Kiro differs from Cursor and Windsurf in that it introduces "spec-driven development", where detailed planning and structured components drive the coding process - perhaps a nod to the realisation that vibe coding isn’t suitable for the enterprise.
In amongst all of this, we’re starting to see the shape of the future of coding:
At the very bottom are agentic tools such as o3 which code without you even realising.
Then we have one-shot coding tools such as Claude artefacts. These can easily build simple websites - and, critically, enable non-coders to create a wide range of simple applications.
Then there are agentic coding tools; these are more capable, but more complex. They will autonomously build small applications (currently in the 1-2kloc range), but you’ll likely need to provide some oversight and debugging. And manage deployment, install, upgrade.
And, finally, the enterprise seems set to continue using VSCode forks - with some mix of AI autocompletion/ AI agents for large-scale critical codebases.
Note that the first three of those are all new - 12 months ago they didn’t exist. We’re still very early in the process of figuring out how to use them. Nor is it as simple as the enterprise will only use VSCode forks. They’ll inevitably benefit from the lower three levels as well.
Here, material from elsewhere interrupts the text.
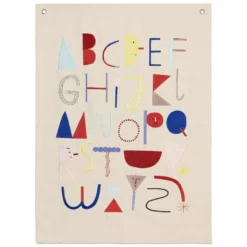 Ferm Living Alphabet Fabric Poster 50x70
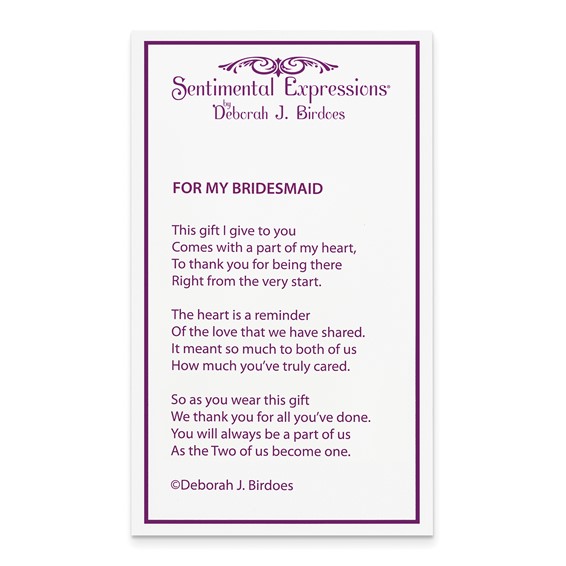 Sentimental Expressions Sterling Silver Rhodium-plated A Gift For My Sister For My Bridesmaid 18in Necklace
While it would be unwise to let agentic coding tools loose on your operating system codebase - at least for now - we can use agentic coding tools to build tools that operate on the codebase. We can use those agentic tools to build test frameworks, to explore performance, to write deployment tools, to test theories, to understand edge conditions. These tools help our developers go faster. And that improves the reliability, the quality, the performance, the maintainability of our critical enterprise code.
And the way we approach software problems will change. Agentic coding tools can generate multiple different solutions in parallel. If it’s possible to readily evaluate the quality of different solutions then we open the door to brute force coding - implement multiple solutions and choose the best. Lest this seem inefficient, it’s worth noting this is roughly how the gradient descent used in AI training works - and it’s also the basis of the Super Grok heavy variant launched last week.
And so?
Coders have long understand the amazing problem solving power of programming. Yet until now this power has been inaccessible to the majority of people beyond crafting a few formulas in Excel.
But all of a sudden we’re moving to a world where the benefits of coding are accessible to a much larger set of people. Need 200 lines of complex Python to decode a video? No problem, o3 will do it for you automatically. Want a custom calendar app? Build a Claude artefact.
Suddenly the receptionist can build HR tools, the facility manager can debug equipment, and the small business owner can create custom applications. Professional developers gain AI assistants for their critical codebases. The gap between having a problem and coding a solution is shrinking fast - and we're only at the beginning of understanding what becomes possible when programming is no longer a bottleneck.